**What is needed**
Filter on the word "Edition": copy each matching line from the listing below.
--- Exercise data Enclosed Below ---
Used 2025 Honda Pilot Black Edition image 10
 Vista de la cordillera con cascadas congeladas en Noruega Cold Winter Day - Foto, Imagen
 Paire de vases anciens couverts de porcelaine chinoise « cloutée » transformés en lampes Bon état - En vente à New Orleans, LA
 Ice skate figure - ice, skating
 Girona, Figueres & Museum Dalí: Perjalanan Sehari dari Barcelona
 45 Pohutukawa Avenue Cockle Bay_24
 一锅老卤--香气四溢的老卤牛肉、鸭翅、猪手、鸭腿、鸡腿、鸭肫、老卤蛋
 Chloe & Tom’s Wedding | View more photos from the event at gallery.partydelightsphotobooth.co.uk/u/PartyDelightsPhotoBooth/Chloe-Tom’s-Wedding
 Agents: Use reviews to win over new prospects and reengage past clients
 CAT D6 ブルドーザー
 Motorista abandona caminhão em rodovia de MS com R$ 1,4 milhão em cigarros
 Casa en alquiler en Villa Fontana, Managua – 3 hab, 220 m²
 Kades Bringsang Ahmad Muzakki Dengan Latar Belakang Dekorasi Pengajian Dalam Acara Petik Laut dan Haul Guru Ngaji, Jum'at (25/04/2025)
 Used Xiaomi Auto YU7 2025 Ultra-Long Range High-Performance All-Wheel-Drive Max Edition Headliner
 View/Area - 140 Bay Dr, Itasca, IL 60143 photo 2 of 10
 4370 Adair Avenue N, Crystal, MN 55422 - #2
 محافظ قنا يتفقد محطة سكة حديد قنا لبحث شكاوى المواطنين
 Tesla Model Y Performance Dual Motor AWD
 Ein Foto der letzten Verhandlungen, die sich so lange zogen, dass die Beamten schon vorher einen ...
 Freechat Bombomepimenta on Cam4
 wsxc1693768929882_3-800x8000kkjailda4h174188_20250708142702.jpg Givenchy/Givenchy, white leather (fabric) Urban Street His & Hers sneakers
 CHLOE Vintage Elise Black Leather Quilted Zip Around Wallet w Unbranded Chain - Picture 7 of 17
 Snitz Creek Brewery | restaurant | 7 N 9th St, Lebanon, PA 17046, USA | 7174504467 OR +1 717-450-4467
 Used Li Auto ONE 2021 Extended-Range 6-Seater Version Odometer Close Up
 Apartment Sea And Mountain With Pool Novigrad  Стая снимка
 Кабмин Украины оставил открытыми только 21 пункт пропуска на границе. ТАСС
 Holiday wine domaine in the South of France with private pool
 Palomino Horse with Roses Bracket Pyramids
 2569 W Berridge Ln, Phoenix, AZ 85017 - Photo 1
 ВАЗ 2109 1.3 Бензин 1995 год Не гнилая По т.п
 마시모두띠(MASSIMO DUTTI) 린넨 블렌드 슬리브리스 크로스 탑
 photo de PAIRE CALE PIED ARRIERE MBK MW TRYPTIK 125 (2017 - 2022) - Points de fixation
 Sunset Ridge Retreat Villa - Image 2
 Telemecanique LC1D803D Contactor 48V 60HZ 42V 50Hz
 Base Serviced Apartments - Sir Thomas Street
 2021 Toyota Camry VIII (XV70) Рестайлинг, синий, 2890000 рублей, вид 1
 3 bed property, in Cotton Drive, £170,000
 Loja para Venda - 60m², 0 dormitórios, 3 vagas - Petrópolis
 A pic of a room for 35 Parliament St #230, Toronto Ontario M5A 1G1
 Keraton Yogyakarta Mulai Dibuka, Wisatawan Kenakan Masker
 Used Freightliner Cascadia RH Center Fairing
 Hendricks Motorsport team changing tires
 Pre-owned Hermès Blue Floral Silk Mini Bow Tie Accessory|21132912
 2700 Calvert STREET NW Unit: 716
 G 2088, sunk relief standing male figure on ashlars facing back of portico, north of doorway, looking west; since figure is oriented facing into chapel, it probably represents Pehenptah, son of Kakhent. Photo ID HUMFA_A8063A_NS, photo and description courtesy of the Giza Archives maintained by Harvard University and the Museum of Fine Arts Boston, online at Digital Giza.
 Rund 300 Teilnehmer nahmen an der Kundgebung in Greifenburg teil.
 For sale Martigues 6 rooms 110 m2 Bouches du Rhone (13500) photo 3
--- End of Enclosed Exercise data ---
**Task response**
Used 2025 Honda Pilot Black Edition image 10
 Used Xiaomi Auto YU7 2025 Ultra-Long Range High-Performance All-Wheel-Drive Max Edition Headliner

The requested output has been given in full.